Für die wenigen, die Adrian Zielcke (az) nicht kennen, eine kurze Vita: Jahrgang 1945, von 1970 bis 2010 Redakteur bei der Stuttgarter Zeitung, jahrzehntelang Ressortleiter Außenpolitik, 2005 zum bekanntesten Schreiber des Blattes gewählt, bis 2012 Kolumnist bei Sonntag aktuell und berühmt geworden durch den legendären Satz: „Ohne die Zustimmung der Stuttgarter Zeitung zu diesem Großprojekt würde, so vermute ich einfach einmal, Stuttgart 21 nie gebaut werden.“ Daneben unterstützt er die Robert-Bosch-Stiftung („eine Perle“), Schusters Bürgerstiftung, das Deutsch-Türkische Forum, die Evangelische Stiftung oder den Tennisclub Ameisenberg. Früher, sagt er, habe er Rot, Grün, Gelb und Schwarz gewählt.
Aber das sind nur die nackten Fakten, die seinem Werk keine Tiefe verleihen. Um Zielckes Gedankenflüge nachvollziehen zu können, muss man mit ihm auf Reisen gehen, die immer am gleichen Punkt enden. In China. Die USA sind out (handlungsunfähig), Europa ist gelähmt (fast handlungsunfähig), Japan abgewirtschaftet (Abstieg), Indien zu vernachlässigen (liegt weit zurück) und Deutschland gefährdet (kein Aufbruch). Insgesamt gesehen, resümiert der globale Denker, müsse man von einem „Ende der Herrschaft des weißen Mannes“ sprechen.
In China dagegen, wohin der amerikanische Traum „ausgewandert“ ist, ist Zukunft. Nicht nur, dass „uns“ die Kommunisten, die eigentlich keine mehr sind, „gerettet“ haben, weil sie am meisten S-Klassen von Daimler gekauft haben. Sie haben auch den „größten Politiker des vergangenen Jahrhunderts“, den Genossen Deng, hervorgebracht. Der hat nämlich gesagt, dass es egal sei, ob die Katze schwarz oder weiß sei. „Hauptsache, sie fängt Mäuse.“ Entscheidend sei dann nicht, folgert Zielcke, ob die Gesellschaft kommunistisch oder kapitalistisch sei, entscheidend sei allein der Erfolg. Darüber habe die KP-Führung „sehr vernünftig“ befunden. Satt zu sein sei auch ein Menschenrecht.

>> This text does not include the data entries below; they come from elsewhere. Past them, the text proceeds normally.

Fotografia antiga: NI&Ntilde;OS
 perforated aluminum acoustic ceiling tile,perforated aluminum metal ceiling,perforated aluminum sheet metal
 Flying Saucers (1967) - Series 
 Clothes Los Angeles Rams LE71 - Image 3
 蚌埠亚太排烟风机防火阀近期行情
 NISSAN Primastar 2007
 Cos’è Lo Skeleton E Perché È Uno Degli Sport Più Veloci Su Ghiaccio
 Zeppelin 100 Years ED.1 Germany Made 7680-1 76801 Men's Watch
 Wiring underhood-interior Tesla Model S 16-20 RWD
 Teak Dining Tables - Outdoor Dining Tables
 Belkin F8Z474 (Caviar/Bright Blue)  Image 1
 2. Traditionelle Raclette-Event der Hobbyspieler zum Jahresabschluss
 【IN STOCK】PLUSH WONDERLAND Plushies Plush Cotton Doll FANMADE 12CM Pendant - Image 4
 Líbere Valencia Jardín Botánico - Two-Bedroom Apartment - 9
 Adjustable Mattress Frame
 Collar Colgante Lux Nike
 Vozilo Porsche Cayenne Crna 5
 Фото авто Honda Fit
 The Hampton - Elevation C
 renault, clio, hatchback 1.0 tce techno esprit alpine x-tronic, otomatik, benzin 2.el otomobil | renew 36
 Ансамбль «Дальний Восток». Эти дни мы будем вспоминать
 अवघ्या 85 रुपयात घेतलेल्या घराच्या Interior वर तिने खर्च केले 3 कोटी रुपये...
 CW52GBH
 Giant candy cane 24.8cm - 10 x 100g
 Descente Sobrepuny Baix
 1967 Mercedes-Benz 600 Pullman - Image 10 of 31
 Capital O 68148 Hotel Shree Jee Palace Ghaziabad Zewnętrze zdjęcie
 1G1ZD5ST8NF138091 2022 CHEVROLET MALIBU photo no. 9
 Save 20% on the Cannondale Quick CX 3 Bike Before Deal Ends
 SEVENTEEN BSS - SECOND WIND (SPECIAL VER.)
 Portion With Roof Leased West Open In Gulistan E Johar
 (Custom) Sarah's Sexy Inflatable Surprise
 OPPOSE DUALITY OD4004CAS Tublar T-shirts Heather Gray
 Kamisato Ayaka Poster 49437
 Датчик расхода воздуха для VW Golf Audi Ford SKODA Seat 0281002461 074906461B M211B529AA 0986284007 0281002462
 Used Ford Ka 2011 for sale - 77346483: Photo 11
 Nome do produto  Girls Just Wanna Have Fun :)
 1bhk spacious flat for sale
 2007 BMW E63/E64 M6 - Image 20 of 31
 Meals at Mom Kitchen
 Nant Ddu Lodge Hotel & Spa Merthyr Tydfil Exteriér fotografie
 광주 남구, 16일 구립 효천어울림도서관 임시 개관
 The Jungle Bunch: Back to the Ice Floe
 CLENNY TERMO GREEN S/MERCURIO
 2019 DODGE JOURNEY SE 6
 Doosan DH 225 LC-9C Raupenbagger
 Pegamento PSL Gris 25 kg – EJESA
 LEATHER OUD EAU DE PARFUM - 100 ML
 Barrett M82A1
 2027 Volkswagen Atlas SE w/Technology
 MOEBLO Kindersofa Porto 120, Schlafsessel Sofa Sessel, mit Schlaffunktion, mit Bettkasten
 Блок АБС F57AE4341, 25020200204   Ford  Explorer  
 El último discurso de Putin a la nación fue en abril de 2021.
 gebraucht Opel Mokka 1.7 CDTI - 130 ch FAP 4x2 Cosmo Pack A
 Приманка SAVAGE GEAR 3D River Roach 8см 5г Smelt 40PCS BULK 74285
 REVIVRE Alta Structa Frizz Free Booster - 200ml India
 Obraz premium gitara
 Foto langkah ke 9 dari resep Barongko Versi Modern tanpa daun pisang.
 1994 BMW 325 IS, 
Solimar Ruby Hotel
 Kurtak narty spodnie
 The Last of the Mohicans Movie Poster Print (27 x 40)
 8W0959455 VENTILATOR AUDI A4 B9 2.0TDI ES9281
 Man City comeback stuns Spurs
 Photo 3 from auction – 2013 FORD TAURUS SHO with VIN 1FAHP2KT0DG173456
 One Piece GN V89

Und wo der Erfolg ist, ist Sebastian Turner. Man könnte auch sagen: Deng gleich Turner. Katze fängt Mäuse. In dieser Dimension muss man die OB-Kandidatur sehen, weil es um nicht weniger geht, als „unsere Wohlstandsdemokratie“ fit zu machen für die Globalisierung. Das wird nicht ohne Opfer gehen, auch nicht in Stuttgart, der „Insel der Seligen“. Das schafft nur ein weltläufiger Unternehmer, einer, der „intelligenter“ ist als seine Gegenkandidaten, die „klügsten Köpfe der Welt“ um sich versammeln kann, um Stuttgart, die Stadt von Bosch, Mercedes und Porsche, vor dem Kollaps zu bewahren. Wie Angela Merkel „unser Land“ mit sicherer Hand „durch den Nebel der Eurokrise führt“.
Dass die anderen dagegen nicht anstinken können, liegt auf der Hand. Fritz Kuhn, der Berufspolitiker, ist gerade mal in Stuttgart, Heidelberg und Berlin gewesen („Auslandsstationen gibt sein Lebenslauf nicht her“) und hat eine Zwei-Mann-Abteilung geführt. Bettina Wilhelm hat ihr ganzes Leben im „Postleitzahlbereich 7“ verbracht („provinzielle Jobhopperin“) und gerade mal 300 Mitarbeiter unter sich, während Turner 1.600 in 20 Ländern dirigiert hat. Und Hannes Rockenbauch darf sich zu den „lindgrünen Spinnern“ zählen, die immer noch dagegen sind, dass S 21 „endlich zügig gebaut wird“. Sollen sie mal nach China gucken, wo Großprojekte rucki, zucki durchgezogen werden. Vom Chinesen lernen, heißt siegen lernen. Alles andere ist Weicheierei.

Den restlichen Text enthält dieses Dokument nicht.